Following a tense standoff with the wolves when he finally tracks them down, Core struggles through the barren icy wilderness back to the village to find Medora’s home deserted. Exploring the house he enters the cellar and discovers the body of her missing son, wrapped in a sheet. So Medora’s story of wolves is a lie, she killed her son herself and has gone on the run. Following a segue to a violent scene of desert warfare involving Madora’s husband Vernon (Alexander Skarsgard) who seems as proficient killing his own colleagues as he is terrorist insurgents, the villagers seem to be at odds with the local police when Vernon arrives back home intent on killing anyone (villager, police, coroner) who gets in the way of him hunting down his wife. A bewildered Core is trapped in these proceedings like a rabbit in headlights and seemingly cannot escape them.
As the events become wilder, less and less of what happens is explained and I suspect, looking back on it, that I may have missed the point. There is certainly a horror-genre subtext with hints at paganism and unexplained phenomena, indeed perhaps even Lovecraftian undertones. Perhaps there is something of Innsmouth transposed to this arctic, icy landscape. Or perhaps that is just my imagination filling in the blanks left by the increasingly vague, reason-less story.

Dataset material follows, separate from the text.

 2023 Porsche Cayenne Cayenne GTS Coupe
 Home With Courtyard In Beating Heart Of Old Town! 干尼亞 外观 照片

At any rate, its is a beautiful-looking film and it features some shocking twists and some violent action scenes that are dwelt upon in slow graphic detail. Unfortunately its very ambiguity proves to be, for me, its downfall, as credibility seems to rapidly slide in its last half-hour. Perhaps it is about the darkness of the long Alaskan night staring back at the humans frozen in its landscape, an Apocalypse Now-like tale of staring too long into the abyss. Or maybe there is something genuinely Lovecraftian seducing some of them (or maybe I’m filling in the gaps too much). Perhaps, ultimately, the film tries to overreach itself. I am sure many will watch this film and be enchanted by it, but for me it became a frustrating experience following just one too many twists and turns. Certainly well worth a watch though and one of the better Netflix Originals that I have so far seen.